→ **Study material**:
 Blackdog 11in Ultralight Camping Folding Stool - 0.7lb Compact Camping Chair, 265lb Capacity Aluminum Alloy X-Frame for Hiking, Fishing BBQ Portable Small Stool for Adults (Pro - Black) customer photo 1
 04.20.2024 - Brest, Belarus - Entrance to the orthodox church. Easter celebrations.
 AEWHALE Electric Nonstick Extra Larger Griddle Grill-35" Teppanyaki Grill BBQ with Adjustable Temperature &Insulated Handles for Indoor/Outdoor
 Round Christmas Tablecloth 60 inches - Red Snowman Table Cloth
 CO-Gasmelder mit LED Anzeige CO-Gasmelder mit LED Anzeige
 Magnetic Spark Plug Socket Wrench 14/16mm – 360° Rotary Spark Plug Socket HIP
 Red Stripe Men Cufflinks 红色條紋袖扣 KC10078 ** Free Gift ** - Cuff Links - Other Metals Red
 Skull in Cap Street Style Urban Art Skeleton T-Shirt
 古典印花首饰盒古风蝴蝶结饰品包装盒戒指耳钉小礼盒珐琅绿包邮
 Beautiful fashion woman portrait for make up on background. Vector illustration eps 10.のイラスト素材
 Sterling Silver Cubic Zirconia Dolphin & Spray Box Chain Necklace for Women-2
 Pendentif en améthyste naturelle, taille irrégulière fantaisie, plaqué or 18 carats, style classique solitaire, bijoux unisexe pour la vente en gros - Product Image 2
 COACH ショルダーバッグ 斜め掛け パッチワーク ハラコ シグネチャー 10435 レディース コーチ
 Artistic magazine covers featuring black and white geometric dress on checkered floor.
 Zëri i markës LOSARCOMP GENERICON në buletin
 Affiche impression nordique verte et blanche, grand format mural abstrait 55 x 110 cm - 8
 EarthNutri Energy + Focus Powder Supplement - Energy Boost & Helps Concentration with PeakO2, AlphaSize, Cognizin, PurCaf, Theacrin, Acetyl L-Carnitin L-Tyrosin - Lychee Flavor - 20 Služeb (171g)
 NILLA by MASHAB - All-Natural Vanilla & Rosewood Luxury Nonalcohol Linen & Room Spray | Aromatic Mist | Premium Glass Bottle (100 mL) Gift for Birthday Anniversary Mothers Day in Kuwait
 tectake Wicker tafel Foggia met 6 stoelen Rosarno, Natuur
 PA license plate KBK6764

→ **Exercise description**: Output exactly the lines from the one containing "Affiche impression nordique" through the last line of the entries, both ends included.

→ **Written response**:
 Affiche impression nordique verte et blanche, grand format mural abstrait 55 x 110 cm - 8
 EarthNutri Energy + Focus Powder Supplement - Energy Boost & Helps Concentration with PeakO2, AlphaSize, Cognizin, PurCaf, Theacrin, Acetyl L-Carnitin L-Tyrosin - Lychee Flavor - 20 Služeb (171g)
 NILLA by MASHAB - All-Natural Vanilla & Rosewood Luxury Nonalcohol Linen & Room Spray | Aromatic Mist | Premium Glass Bottle (100 mL) Gift for Birthday Anniversary Mothers Day in Kuwait
 tectake Wicker tafel Foggia met 6 stoelen Rosarno, Natuur
 PA license plate KBK6764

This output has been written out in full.